-------- Extracted data --------

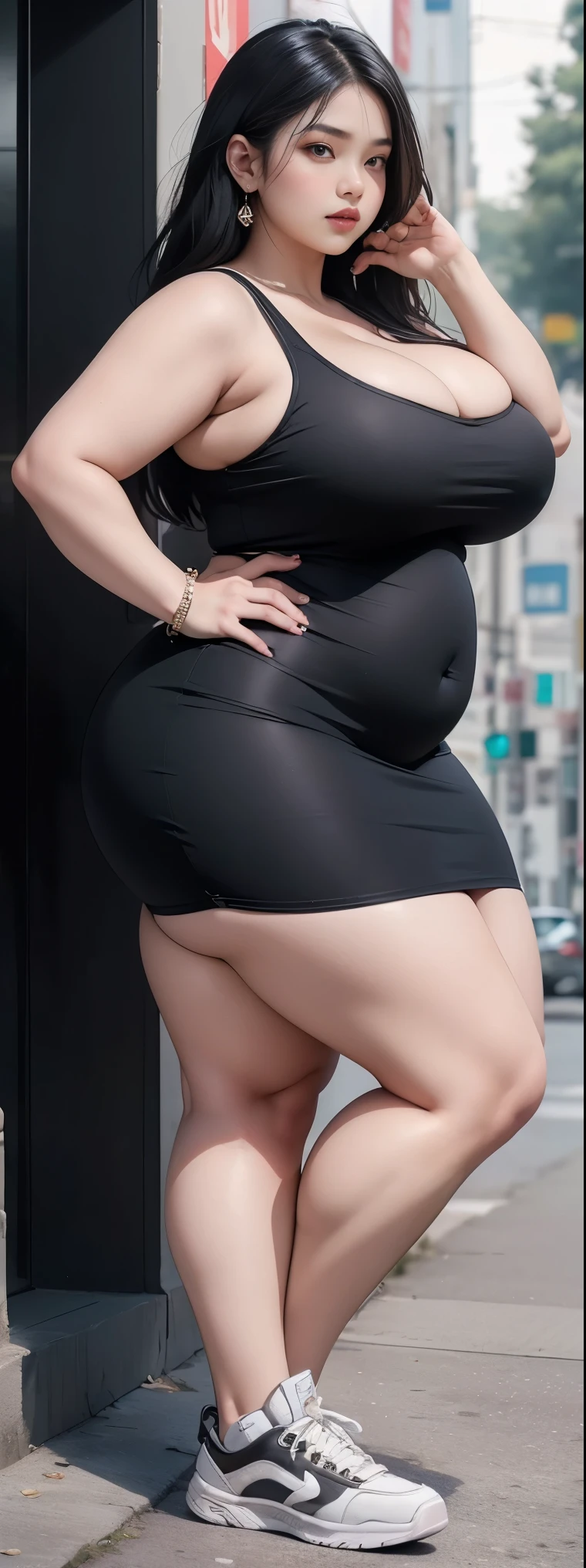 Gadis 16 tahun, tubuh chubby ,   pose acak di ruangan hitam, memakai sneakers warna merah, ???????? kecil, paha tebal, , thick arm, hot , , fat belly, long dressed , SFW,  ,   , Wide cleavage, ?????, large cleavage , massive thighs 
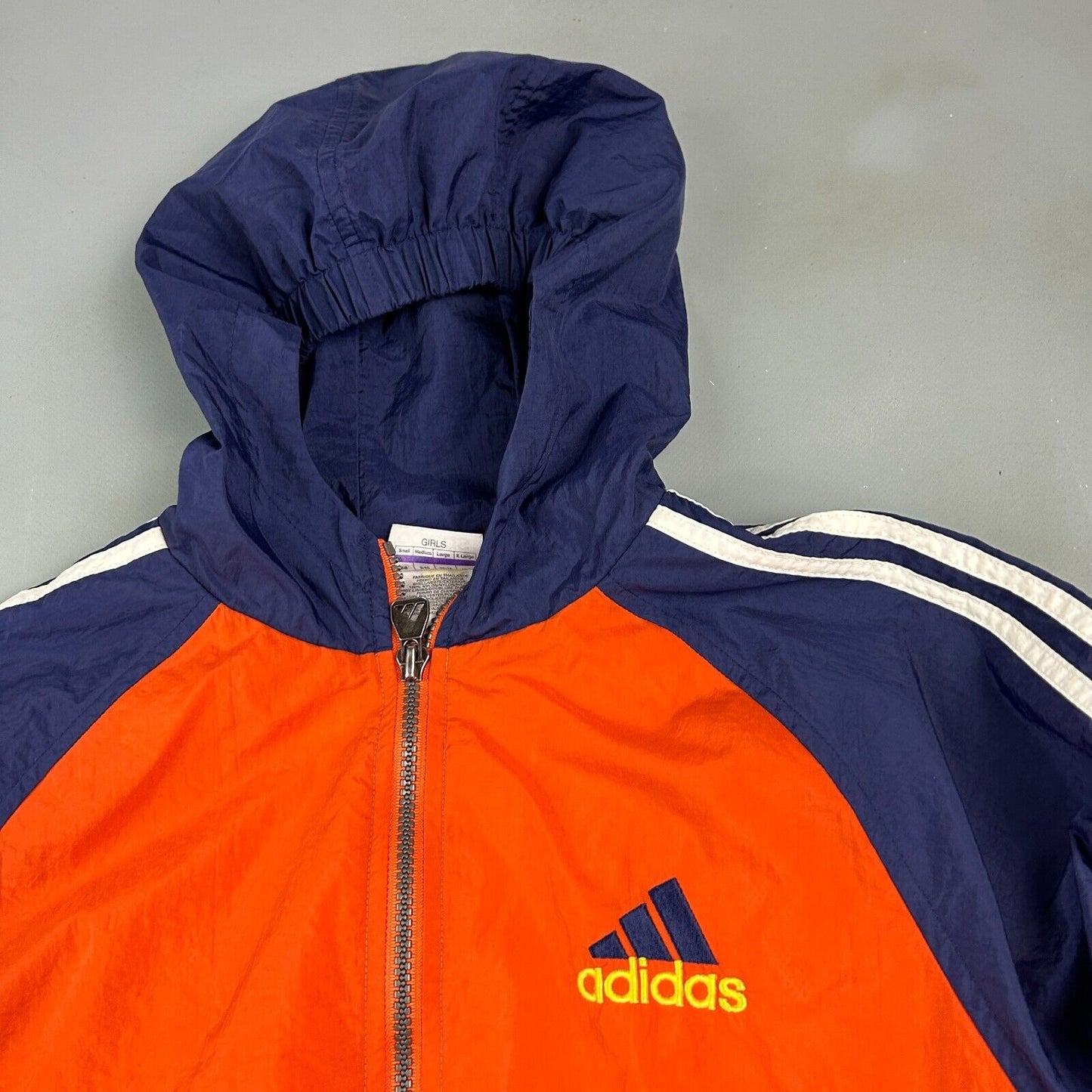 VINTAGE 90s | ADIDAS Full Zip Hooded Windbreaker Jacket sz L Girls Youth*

--------
-------- Extracted data --------

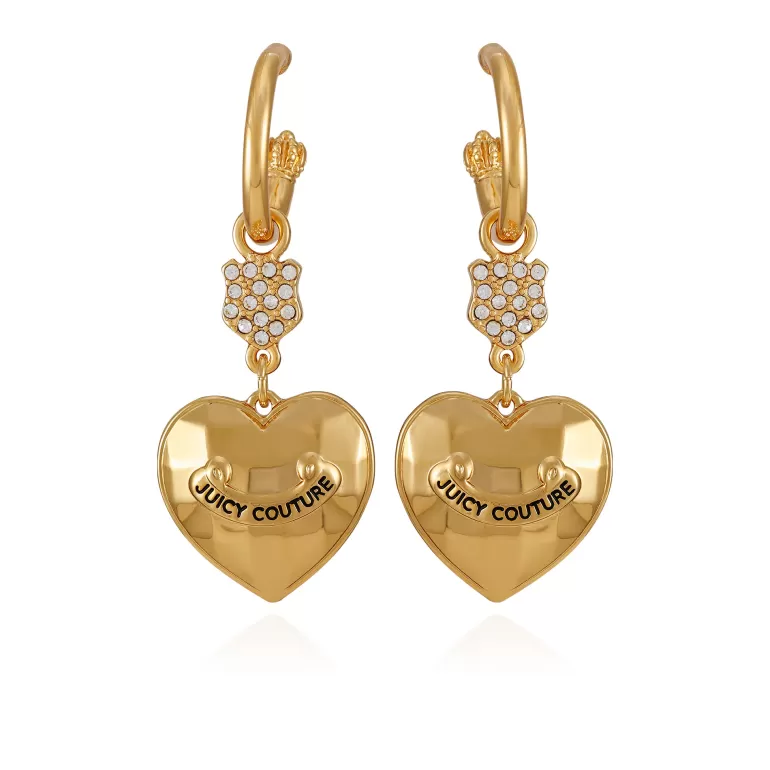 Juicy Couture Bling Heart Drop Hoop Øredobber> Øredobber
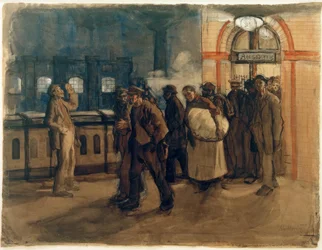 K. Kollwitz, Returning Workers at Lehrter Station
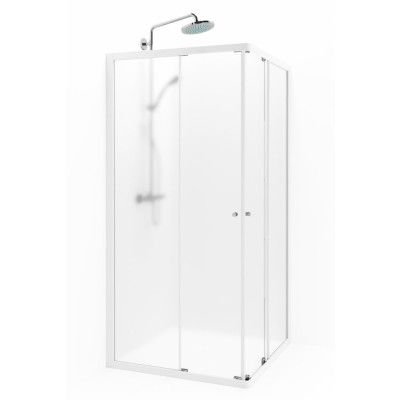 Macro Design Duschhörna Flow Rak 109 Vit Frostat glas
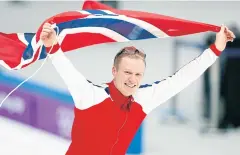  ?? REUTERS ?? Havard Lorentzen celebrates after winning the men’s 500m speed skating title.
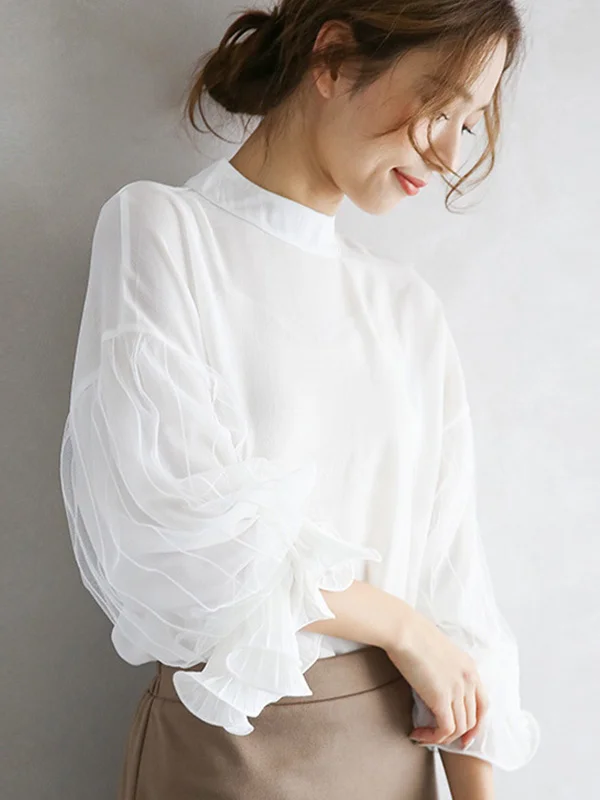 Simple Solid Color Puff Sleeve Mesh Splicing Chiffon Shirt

--------
-------- Extracted data --------

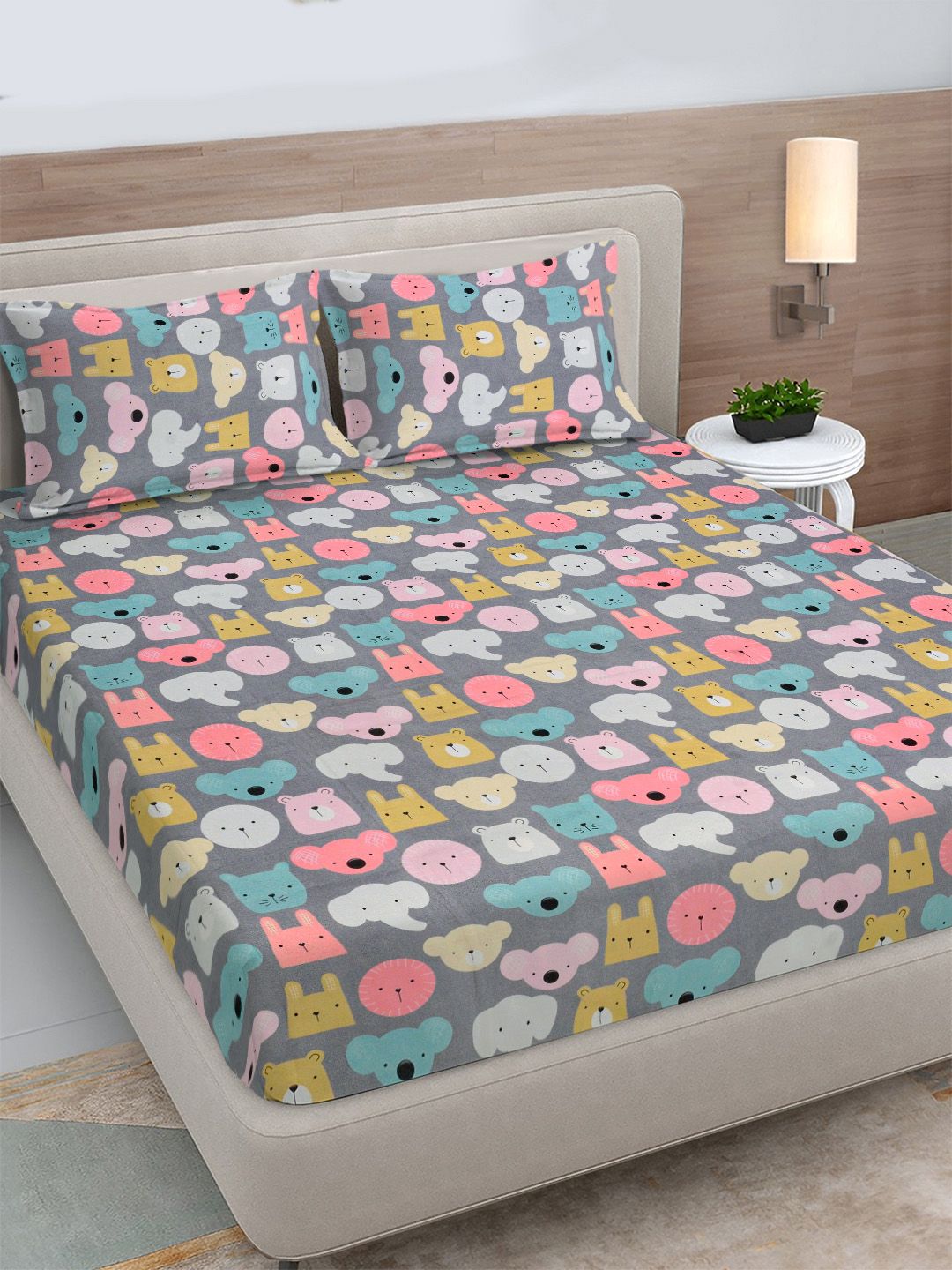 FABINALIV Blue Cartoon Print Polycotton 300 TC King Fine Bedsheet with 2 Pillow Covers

--------

Required work:
Repeat exactly the lines above, beginning at the one containing "speed skating title." and ending at the one containing "Simple Solid Color". Do not carry over any pictures.

Task answer:
  ?? REUTERS ?? Havard Lorentzen celebrates after winning the men’s 500m speed skating title.
 Simple Solid Color Puff Sleeve Mesh Splicing Chiffon Shirt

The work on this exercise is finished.